Me incorporo, más lento que el sudor, antes que el polvo termine de asentarse y aparezcan los buitres, aunque aquí no haya buitres, pienso más tarde. Tiene la culpa de esto el hambre y el calor. Pero también el montón de chatarra que nos ha depositado de un modo nada amable en este punto que ha elegido por puro abatimiento, cansancio, o lo que sea.
Poco ha cambiado, además, el paisaje desde el despegue. Avanzamos unos 30 kilómetros al sur. Las montañas quizá un poco más lejos, cubiertas de espejismo, absolutamente hermosas y ausentes, inalcanzables. Son de una belleza metálica conmovedora que hace que se me salten las primeras lágrimas. El piloto y Salvador se encuentran bien. La avioneta tiene partes de cobre oxidado. Se tambalean, como si hubieran bebido antes del fin de la primavera, pero ninguno lo ha hecho desde hace días. Se me resiente el tobillo del esguince, pero sólo para llamar un poco la atención. Cosas de mi geografía, la de este cuerpo que parece tener cada órgano donde corresponde.
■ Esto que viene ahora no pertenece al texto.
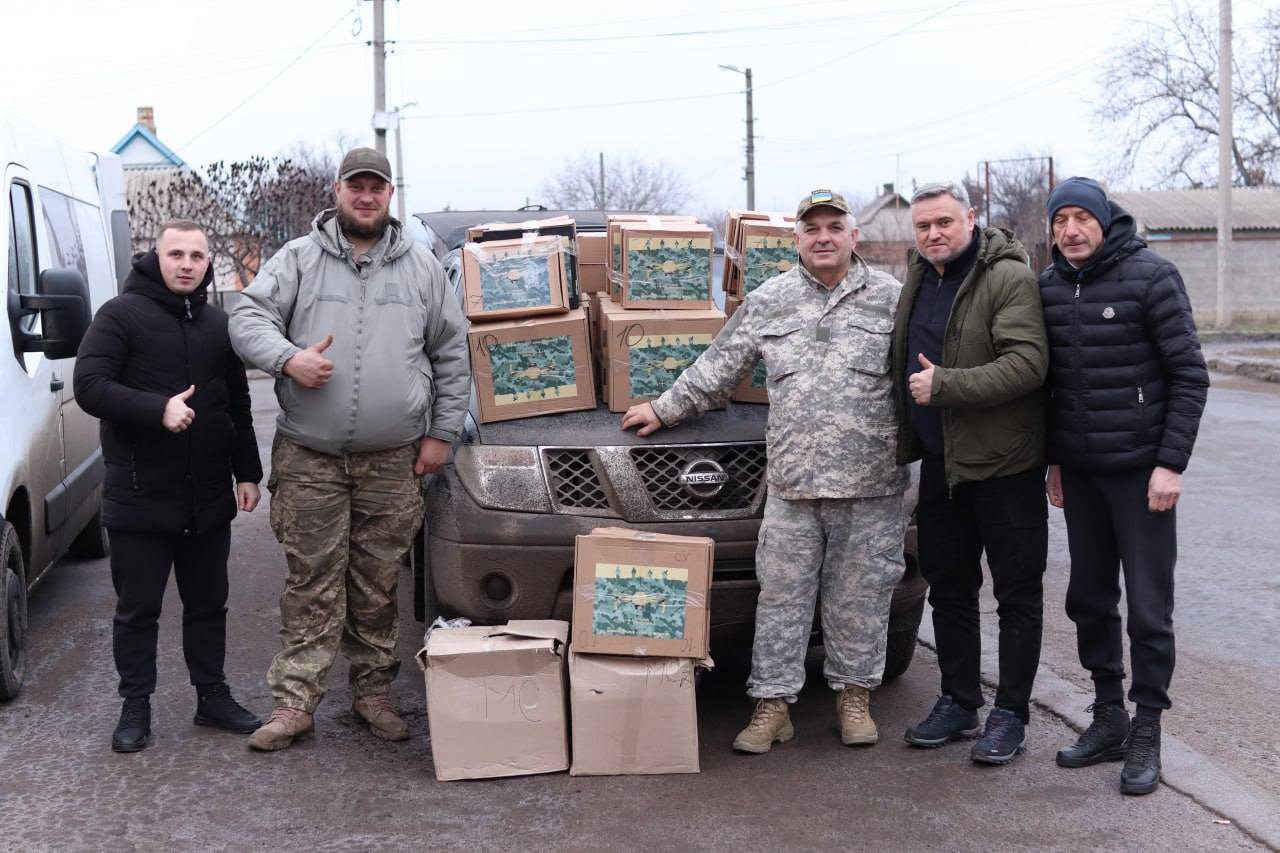 Підсумовуємо чергову поїздку волонтерської команди громади до наших захисників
Otras cosas de otra geografía. Levantamos el vuelo y dejamos atrás una flecha amarilla que deja de significar algo en cuanto tomamos altura. Pasamos unas grietas en el suelo que a pie hubiera significado duras penas e inversión descomunal de tiempo. Vemos dunas que ya no estarán ahí en estos momentos, sino que otras dunas las habrán reemplazado con la fuerza y el
dolor del ocre y los pigmentos del mundo que no podría nombrar sin inventármelos sobre la marcha. Vemos rocas que se hacen migajas, y yo juego a soplarlas desde mi altura, o a sostenerlas entre mis huellas dactilares que las erosionan.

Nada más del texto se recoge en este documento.